Persino l’Italia ha continuato a esportare armi, consegnando fregate, cacciabombardieri e altro ad un governo attualmente impegnato in conflitti nello Yemen e in Libia.

Questo atteggiamento totalmente contraddittorio e irrispettoso viola pure una lunga serie di leggi nazionali e internazionali:

La legge n.185 09/07/90: In questa norma si legge che l’Italia non può autorizzare esportazioni verso paesi “i cui governi sono responsabili di gravi violazioni delle convenzioni internazionali in materia di diritti umani, accertate dai competenti organi delle Nazioni Unite, dell’UE o del Consiglio d’Europa”.

Il “Trattato internazionale sul commercio di armi” delle Nazioni Unite, che l’Italia ha ratificato, nel 2014: richiede agli stati di valutare se le armi da trasferire vadano a minare la pace e la sicurezza.

E molte altre norme di embarghi a livello europeo e internazionale.
Perché l’Italia si fa complice di questi abusi dei diritti umani?
La risposta è semplice: la nostra nazione è il partner principale commerciale dell’Egitto, seguita dalla Francia.

I nostri interessi sono chiari – basti pensare al giacimento di gas naturale scoperto dall’Eni davanti alle coste egiziane due anni fa – e si può dedurre che non metteremo mai alle strette questo regime.
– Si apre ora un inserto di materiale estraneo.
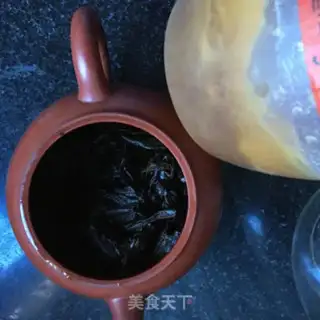 Make Red tea honey milk step 1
È sconfortante constatare quanto la nostra Costituzione e anni di dichiarazioni umanitarie possano venir ignorate per biechi interessi economici.
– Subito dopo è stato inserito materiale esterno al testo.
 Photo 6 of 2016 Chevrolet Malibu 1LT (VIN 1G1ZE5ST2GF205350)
Con la volontà politica ed una Europa unita, un’Europa federale, non ci vorrebbe molto per far capitolare un paese simile: innanzitutto veri embarghi commerciali su qualsiasi tipo di armi e veicoli militari, poi un vero fronte comune a livello internazionale che porrebbe fine anche alla partecipazione del regime nei conflitti yemeniti e libici.
Non possiamo lasciare che queste disumane realtà si ripetano ogni giorno, bisogna intervenire adesso, non solo come singolo stato, ma come comunità internazionale, unita contro l’abuso dei diritti umani, contro regimi dittatoriali e, soprattutto, contro il silenzio.
Non possiamo permettere che accada di nuovo, che Patrick Zaki subisca la sua stessa sorte, lui insieme a migliaia di altri cittadini e studenti.

Sono passati cinque anni, non facciamone trascorrere altri per nulla.